A Multidisciplinary Bioimaging Platform for Quantitative Force Mapping in the Beating Heart

Physical forces are fundamental drivers of tissue-level biological processes.

Important questions remain unanswered about how subcellular forces drive the collective behaviour of the cell populations forming developing organs, and how this shapes overall architecture and function.

The heart is an extraordinary example of this complexity, where the cellular behaviours underpinning heart morphogenesis can only be understood if we can measure the tissue-level forces in the presence of cardiac contractile forces.

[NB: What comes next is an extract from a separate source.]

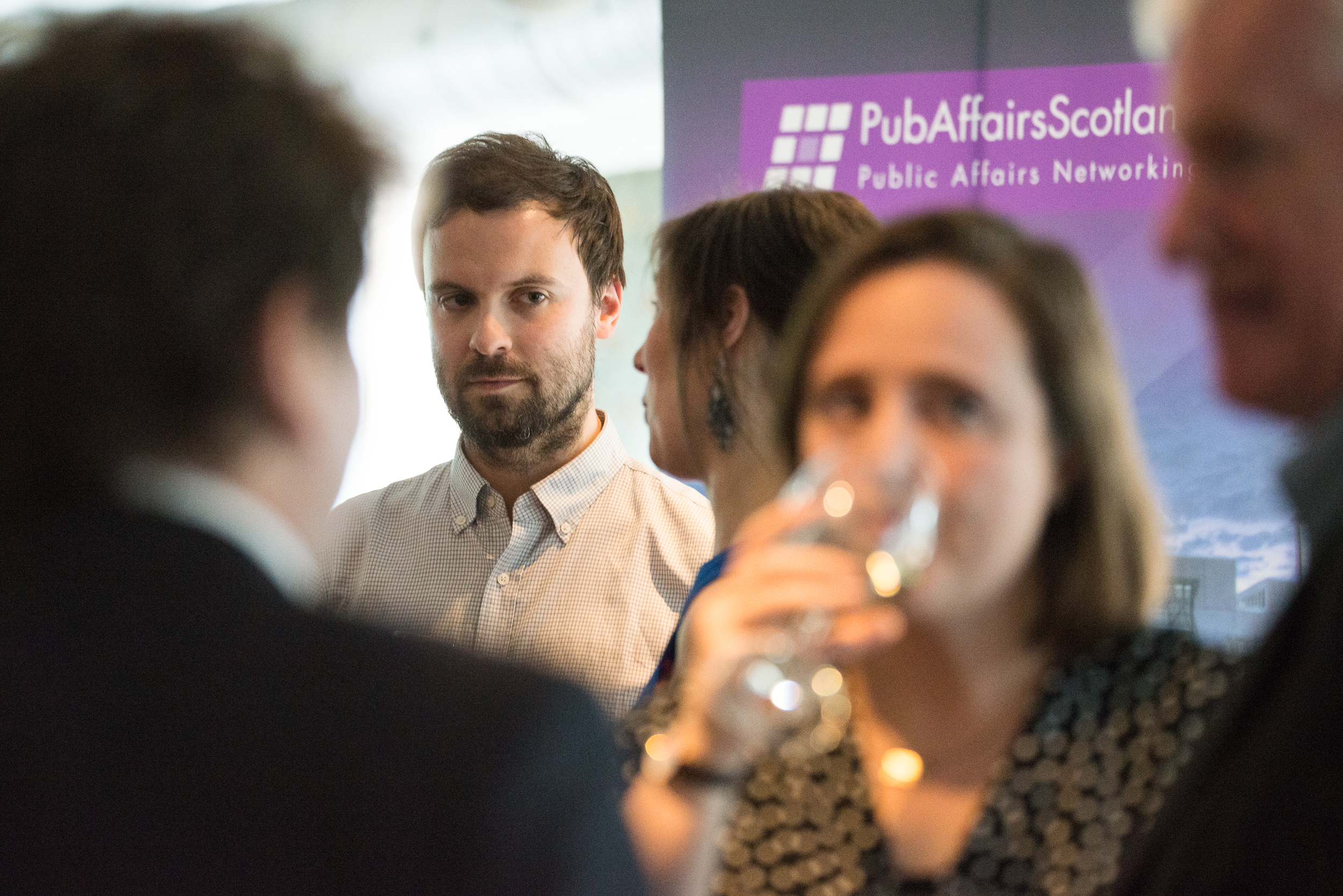 Meridian Policy Advisory Scotland Networking Event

Progress is frustrated by the absence of any bioimaging technology with the performance and temporal resolution for direct quantitative imaging of intercellular forces in highly dynamic 3D environments such as the beating heart. However, with recent advances in several enabling technologies, we now foresee a route to this ambitious goal.

We propose a multidisciplinary bioimaging platform to map forces throughout the beating heart, in a live intact organism.

To achieve this we will research a novel optical and computational imaging approach for single-photon motion correction, delivering for the first time subcellular- resolution, whole-organ force imaging in vivo highly dynamic environments.

This will enable us to discern how the intercellular force landscape is modulated by contractile activity, tissue architecture and cell crowding – and understand the implications for cardiac development and disease.